Similarly a quick search for ETFs that track the MSCI World Information Technology sector will lead to ETFs that have somewhere between 17-19% exposure to Nvidia.
But what about if you don't want to invest in such a focused way? You may want to invest in a North American equity fund or a Global equity fund that has less exposure (or no exposure) to Nvidia compared to its peers, in order to manage your risks. Conversely you might want a diversified fund from one of the mentioned sectors that has a greater exposure to Nvidia than other funds within the same sector.
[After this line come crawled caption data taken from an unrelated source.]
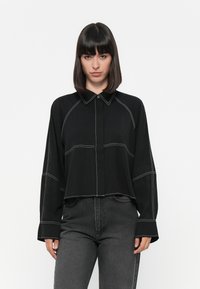 Black long-sleeve button-up shirt with contrasting white stitching, a pointed collar, and a cropped design. Paired with dark jeans.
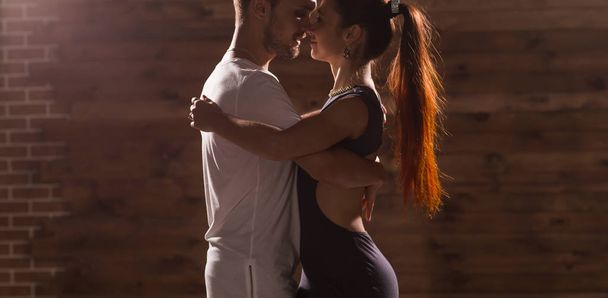 Young couple dancing latin dance Bachata, merengue, salsa. Two elegance pose in dance class - Photo, Image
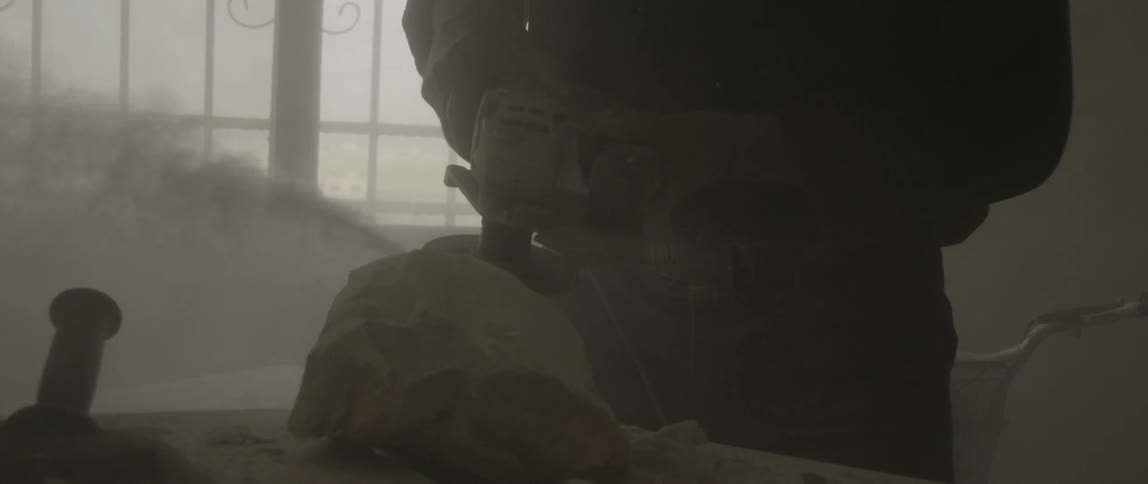 A man works with a grinder on a sculpture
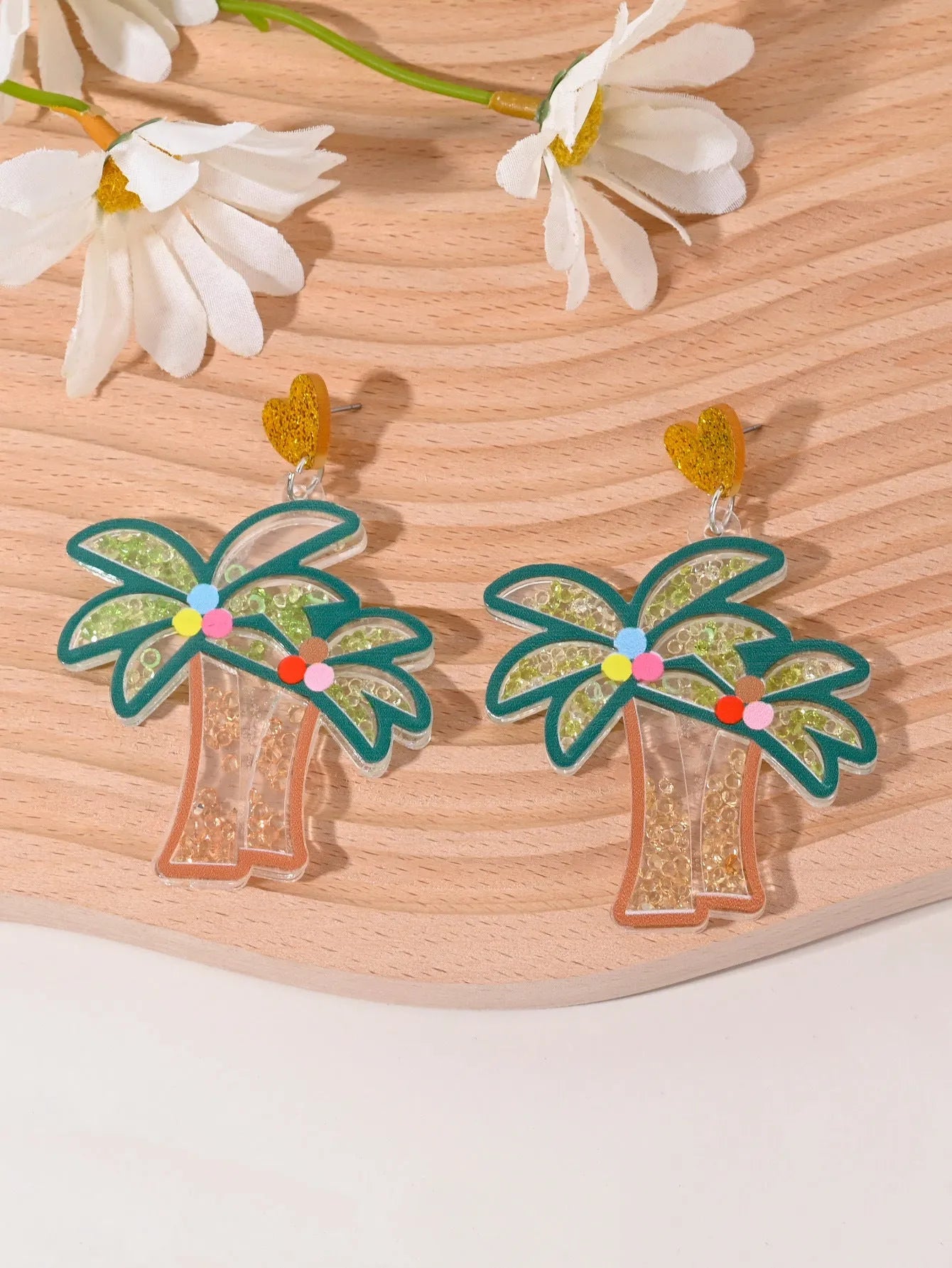 Colourful acrylic fruit and ice cream dangle earrings for women on a white background.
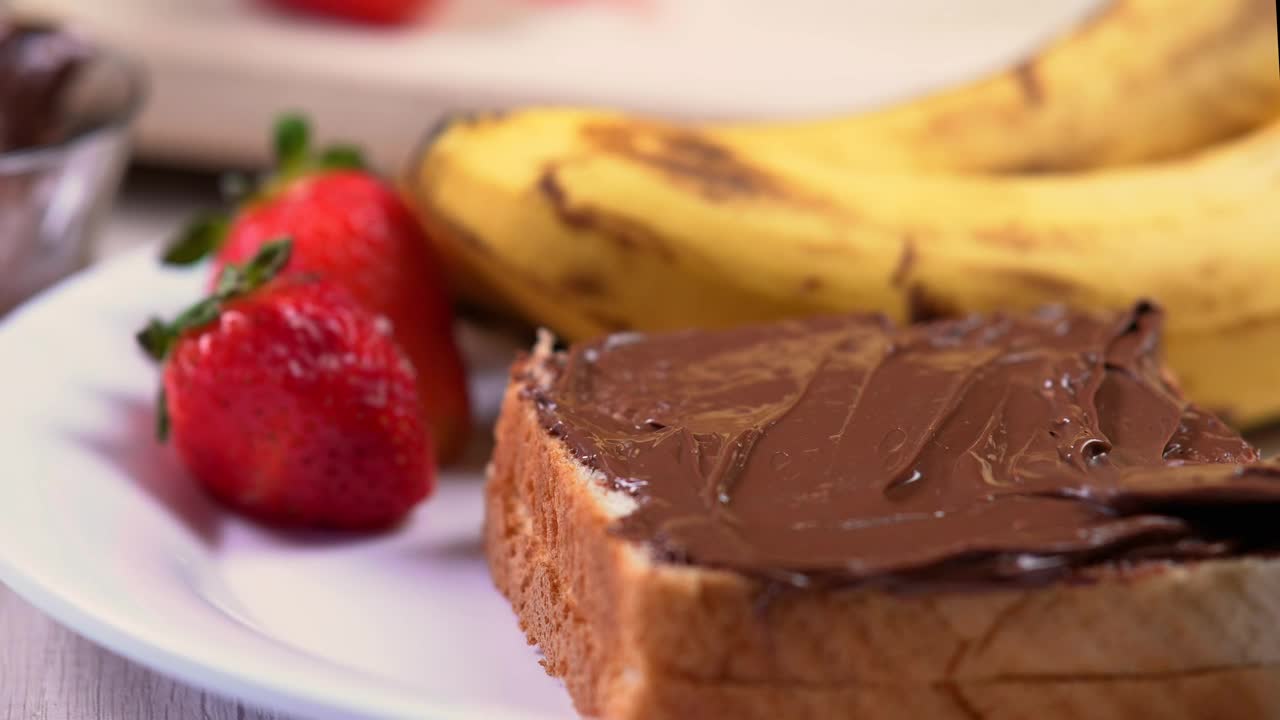 Free Video Stock Spreading Hazelnut Cream On White Bread Live Wallpaper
For reference the table below provides useful benchmarks for the typical Nvidia exposure of global equity funds and North American equity funds
Investment | Nvidia exposure |
S&P 500 ETF | 7.01% |
MSCI All Country World Index ETF | 3.78% |
Global equity unit trust | 4.2%* |
North American equity unit trust | 6.1%* |
*these figures are the average exposure of those funds that actually invest in Nvidia
So as a starting point, if you want to have a greater or lower exposure to Nvidia when choosing either a global equity fund or North American equity fund (be it an ETF, unit trust or even investment trusts) then the above table is a useful benchmark.
However to help give further clarity the second table below (click to download) lists all the unit trust and investment trusts with at least 1% exposure or more to Nvidia. In order to produce this table I analysed thousands of unit trusts and investment trusts across all sectors. I then colour-coded the table as shown by the key below. I have also listed the approximate allocation for the funds with the highest exposure to Nvidia.
So the table can be used to find a fund within a chosen sector (particularly the Global and North American sectors) that is likely to be overweight or underweight Nvidia versus its peer group. Obviously if a fund you are looking for is not listed in the table then Nvidia is likely to count for less than 1% of the fund's assets. Where the sector name is preceded by "UT" that means it is a unit trust sector, where it is preceded by "IT" that means it is an investment trust sector.
Buy Nvidia at a discount?
With some of the funds with the highest Nvidia exposure being investment trusts it opens up the possibility of being able to buy Nvidia at a discount. That's because when you invest in an investment trust you buy shares. The price of these shares can fluctuate just like any other listed share due to supply/demand from investors. This means you could end up paying less than the value of assets the share represents (a discount) or you could pay more than the underlying assets are worth (a premium).
M&L Capital Management Ltd Manchester & London IT plc, which currently trades at a 14.5% discount to its net asset value, has the largest Nvidia exposure at 32.3%. So on paper, it appears that such a concentrated trust offers the potential to gain exposure to Nvidia (plus a few other stock holdings) at a discount . But of course when buying any trust at a discount you run the risk that the discount could widen, especially if investors lose confidence in the management.